The American Council of Life Insurers (ACLI), National Association of Insurance and Financial Advisors (NAIFA), NAIFA-Texas, NAIFA-Dallas, NAIFA-Fort Worth, NAIFA-POET, Finseca, Insured Retirement Institute (IRI), and National Association for Fixed Annuities (NAFA) issued the following comments on their challenge to the DOL's harmful intervention in the retirement savings marketplace and its one-size-fits-all fiduciary standard obligation on effectively every financial professional who sells retirement products:
“The legal action we are taking today comes after careful deliberation on what is in the best interest of the retirement savers we serve.
“Our filing makes a convincing case that the DOL’s fiduciary-only regulation suffers from the same legal defects as the DOL’s failed 2016 rule. It exceeds the DOL’s authority under federal law, is arbitrary and capricious, and is unconstitutional. Moreover, it ignores recently enhanced federal and state standards for financial professionals who work with retirement savers.

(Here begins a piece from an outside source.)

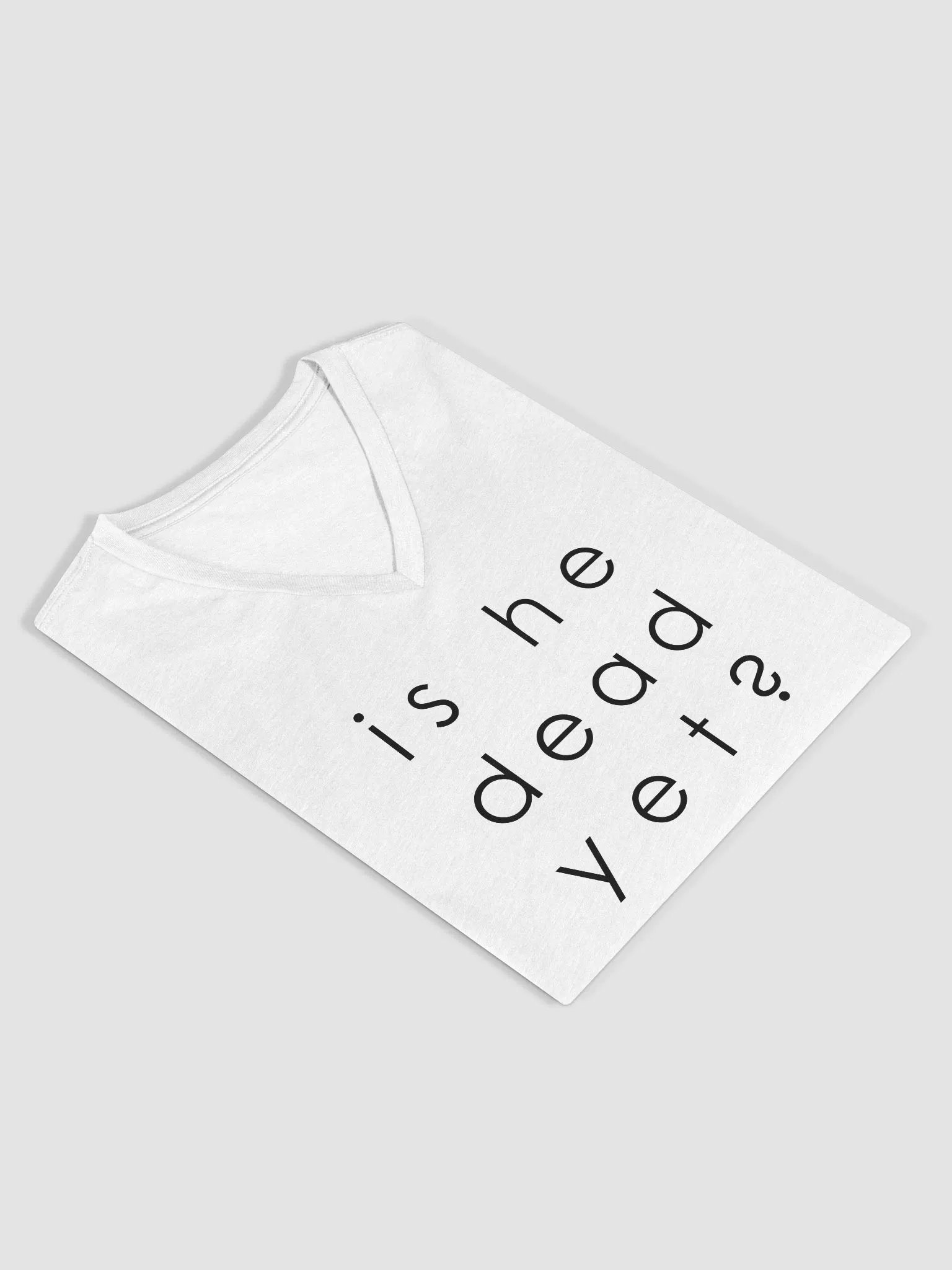 Is He Dead Yet Women's Relaxed V-Neck T-Shirt - B product image (8)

“However, the DOL’s biggest failing is its inability to learn from past mistakes. Despite sound evidence of its harmful effects, strong objections from Members of Congress and opposition voiced in thousands of consumer comments, the DOL chose to advance a repackaged version of its ill-advised 2016 regulation. Before it was struck down by the Fifth Circuit, the 2016 regulation resulted in more than 10 million American workers’ accounts with $900 billion in savings losing access to professional financial guidance.
“The DOL’s latest regulation will block retirement savers from accessing information about annuities at a time when the lifetime income these products provide is needed more than ever before. More than 4 million Americans will turn 65 each year through 2027. Most will not have access to a traditional pension and will be relying on their personal savings to last throughout retirement. By reducing consumer access to professional financial guidance and critical protected lifetime income solutions, DOL’s regulation will jeopardize the retirement financial security of millions of workers and retirees.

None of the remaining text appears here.